There was no Thanksgiving Day in Jamestown, at least not in the early years, It would be more appropriate to have a Cannibalism Day or Greed Day. Not a great creation story for a nation.


Stephen Hopkins arrived in 1610 and returned to England in 1614 when he received news that his wife had died. He remarried and returned to the new world on the Mayflower with his new wife, one of his sons two daughters and a servant. Stephen would have been an invaluable companion for the Pilgrims as he had experience of America and its native people. He would have thought he was going back to Virginia as this was the Pilgrims intention. Once the Mayflower had arrived in Massachusetts circumstances prevented it going further. I wonder what we would be eating on Thanksgiving Day if they had made it to Virginia.
Stephen Hopkins initial journey to Virginia in 1609 was an interesting one. The ship he was on (‘Sea Venture’) was sunk in a storm and he ended up a castaway on the island of Bermuda along with 150 other passengers and crew. An account of this shipwreck was written by William Strachey, True Reportory of the Wrack, and Redemption of Sir Thomas Gates Knight, and is thought to be one of the primary sources that William Shakespeare used when writing his play ‘The Tempest’ which was first presented in November 1610.
There is a character in ‘The Tempest’ who is said to be based on Stephen Hopkins. As I understand it, this is because the play is about a quarrelsome group of castaways and Stephen was the most quarrelsome of them all. In fact he was such a complainer that at one point he was charged with mutiny and narrowly avoided being executed. I don’t know how much of his character would have been used in Shakespeare’s play other than this.
 The survivors on Bermuda eventually managed to put aside their differences enough to build a couple of ships and set sail for Jamestown, Virginia in May 1610.
Interestingly, on Stephen Hopkins return journey to North America on the Mayflower he came with his second wife Elizabeth, his son Giles Hopkins and with a servant Edward Doty (abt 1599-1655). Edward Doty is also an ancestor of mine although on my father’s side of my tree. I also have 3 other ancestors who were on the Mayflower and one of them appears twice in my tree (my parents are cousins). If you count the other 7 children of the 6 ancestors I have who were on the Mayflower, there hasn’t been another such large group of people from my family tree on one boat ever. (unless you count a trip we did with Uncle Joe to Monhegan Island in the summer of 1972). But this is true for a lot of Americans.
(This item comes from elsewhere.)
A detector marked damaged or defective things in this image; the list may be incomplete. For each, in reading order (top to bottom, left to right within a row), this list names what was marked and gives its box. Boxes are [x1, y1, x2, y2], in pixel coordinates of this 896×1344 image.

Stephen Hopkins owned a tavern in Plymouth and often was in conflict with the Pilgrim elders. He let “men drink in his house upon the Lords day” and was fined “for suffering servants and others to sit drinking in his house” (contrary to Court orders) and “for selling wine, beere, strong waters, and nutmeggs at excessiue rates”, among other things. He died in 1644.

The Jamestown settlement, after shipping back to England a load of iron pyrite (Fools Gold), was only saved economically by a settler named John Rolfe who tried planting some tobacco seeds he had found on the island of Bermuda. This started Virginia’s most profitable agricultural industry.  We’re all still living with the consequences of that. 
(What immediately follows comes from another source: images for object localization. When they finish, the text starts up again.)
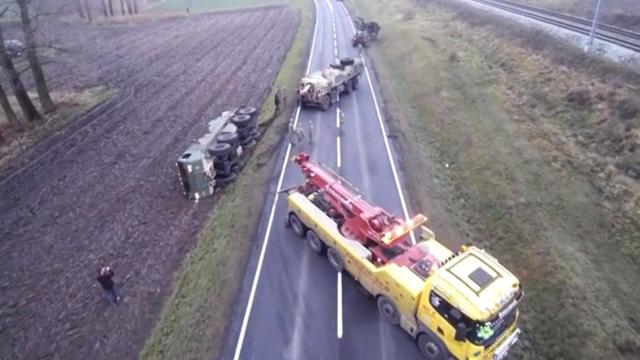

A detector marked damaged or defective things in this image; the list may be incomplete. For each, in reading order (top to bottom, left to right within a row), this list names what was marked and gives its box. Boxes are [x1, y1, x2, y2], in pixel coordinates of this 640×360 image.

overturned truck [298, 57, 362, 110]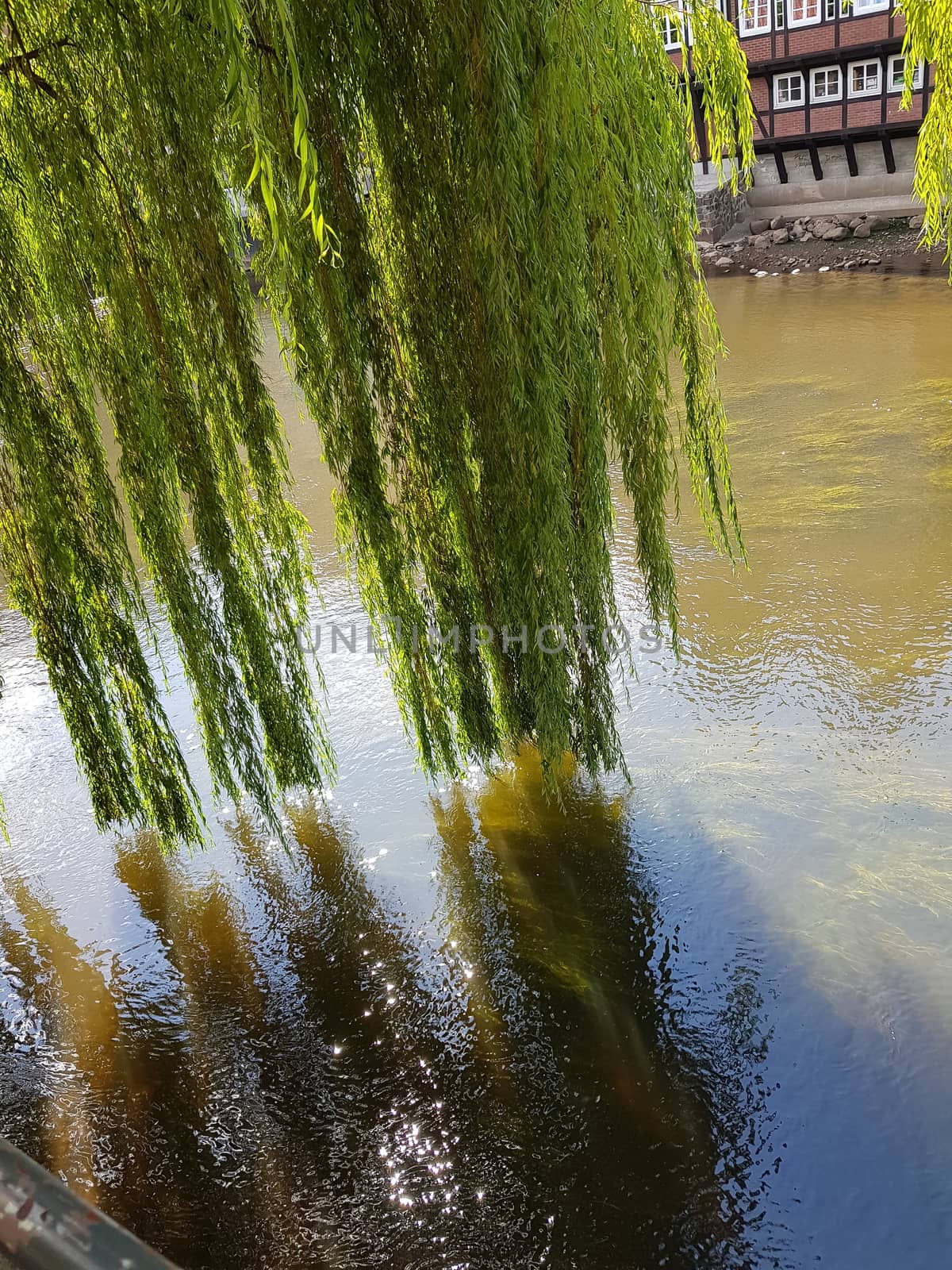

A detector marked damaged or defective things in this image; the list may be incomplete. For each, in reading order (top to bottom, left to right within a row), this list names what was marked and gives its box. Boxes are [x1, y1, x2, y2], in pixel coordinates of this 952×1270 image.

rusty metal rail [0, 1137, 180, 1270]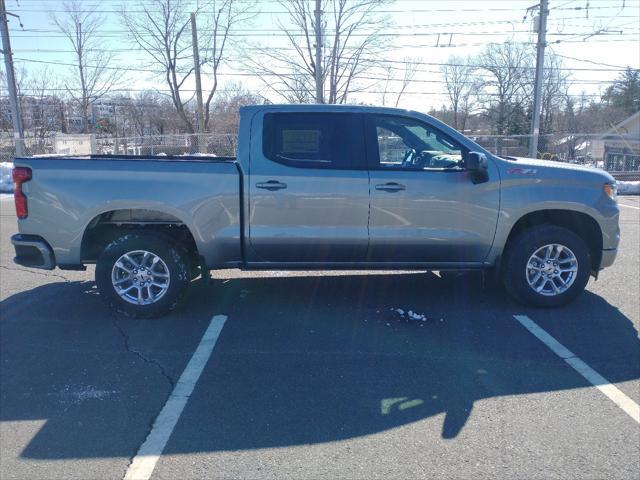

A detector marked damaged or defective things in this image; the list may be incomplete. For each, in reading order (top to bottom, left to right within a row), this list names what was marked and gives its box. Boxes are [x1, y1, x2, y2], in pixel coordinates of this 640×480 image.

crack in asphalt [0, 264, 72, 284]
So which story do we choose for our origins, a story of rapacious wastrels who are trying to increase their material wealth or a story of people looking for toleration and spiritual freedom? In a sense they are both stories of people looking for a better life. They are both part of our human story. In a sense they are both stories that we can find within our individual selves.
As adults we see through the gilded stories we were told as children and understand the gritty/ dirty reality of life and human motivation. We think it ‘realistic’ but aren’t we just creating another story? A story more detailed perhaps, more ‘realistic’ but nonetheless just another story. Could we also say this is just as true of our personal life story?


Which creation myth have you chosen?